From Costa Sano MediaWiki
Revision as of 16:45, 17 January 2026 by Mngr (talk | contribs) (Created page with "= Data Modelling & Media Management Architecture = This page documents the architectural decisions and working principles used for structuring data, relationships, and digital media in this MediaWiki installation. It reflects conclusions reached during the design phase and serves as a reference for future development and maintenance. == Purpose == The goal of this architecture is to: * Support complex research data with many relationships * Separate internal researc...")
(diff) ← Older revision | Latest revision (diff) | Newer revision → (diff)

Data Modelling & Media Management Architecture

This page documents the architectural decisions and working principles used for structuring data, relationships, and digital media in this MediaWiki installation.

It reflects conclusions reached during the design phase and serves as a reference for future development and maintenance.

Purpose

The goal of this architecture is to:

  • Support complex research data with many relationships
  • Separate internal research work from public presentation
  • Manage digital media (files, derivatives, metadata) in a controlled and scalable way
  • Avoid schema drift and ad-hoc solutions
  • Remain compatible with MediaWiki core and extensions

Core Technologies

The system is based on the following components:

  • Cargo – authoritative data storage (database schema)
  • Page Schemas – page structure and data-entry UI
  • Forms – controlled data input
  • Namespaces – separation of concerns and access control
  • File namespace – physical file storage (MediaWiki core)

Each component has a clearly defined responsibility.
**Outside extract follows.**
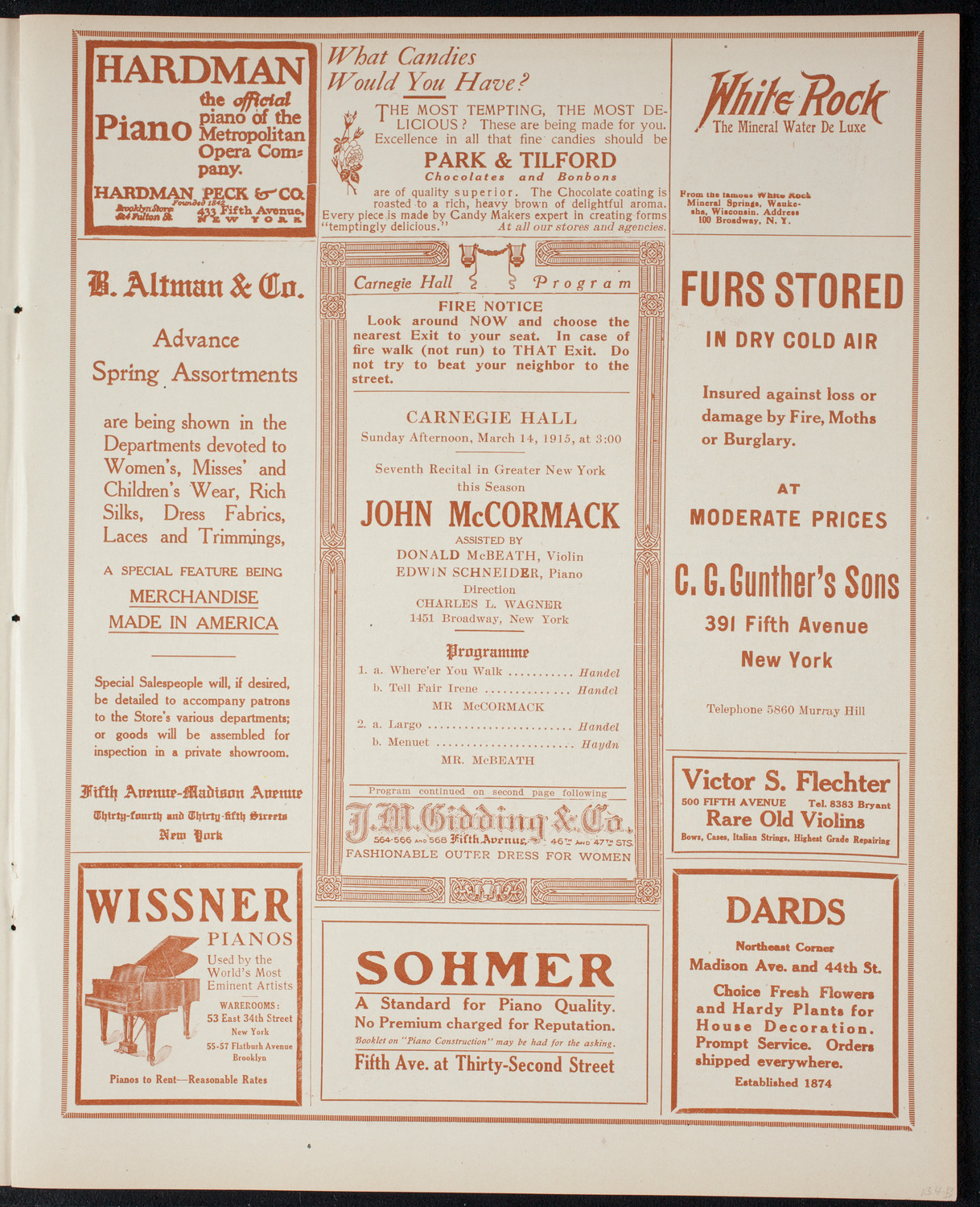 John McCormack, Tenor, March 14, 1915, program page 5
Authority and Responsibility

Component Responsibility
Cargo tables Define and own the database schema
Page Schemas Define page types and map fields to Cargo
Forms Control how editors enter data
Templates Store data via Cargo
Database (MySQL) Implementation detail only

Important: Database tables must not be created or modified directly in MySQL. The Cargo table pages are the single source of truth for schema definition.

Workflow Principle

The general workflow is:

  1. Design the model (DBML / diagrams)
  2. Create or update Cargo tables
  3. Activate Cargo tables by saving the Cargo page
  4. Create Page Schemas using the UI
  5. Generate forms
  6. Enter and test real data
  7. Iterate carefully

Namespaces and Their Roles

Namespaces are used to separate concerns and control access.

Namespace Purpose Visibility
(Main) Public research results and narratives Public
HO: Structured Heritage Objects Club members
DA: Digital Asset metadata and relationships Club members
File: Physical file storage Uploads restricted
ICT: Technical and architectural documentation Club members

Namespaces must not be redefined. The built-in File: namespace remains unchanged.

File Management Strategy

MediaWiki’s file model is page-centric and limited for complex workflows. To address this, a clear separation is enforced:

  • File: pages store physical files only
  • DA: pages store semantic metadata about digital assets

Digital Assets (DA) act as the central abstraction layer.

Internal vs Public Files

Not all files are equal:

  • Internal files:
    • High-resolution masters
    • OCR outputs
    • Working derivatives
  • Public files:
    • Curated, approved derivatives
    • Downscaled or watermarked versions

Internal and public files are managed by convention, not by redefining namespaces.

Upload Permissions

  • Uploading files is restricted to club members
  • Viewing files remains public (to support public pages)
  • Editors must ensure that only approved files are embedded on public pages

Public pages must never depend on internal-only files.

Digital Assets (DA)

A Digital Asset represents a conceptual media object and may reference:

  • One or more File: pages
  • A parent Digital Asset (for derivatives)
  • One or more Heritage Objects

DA pages are internal and never directly exposed to the public.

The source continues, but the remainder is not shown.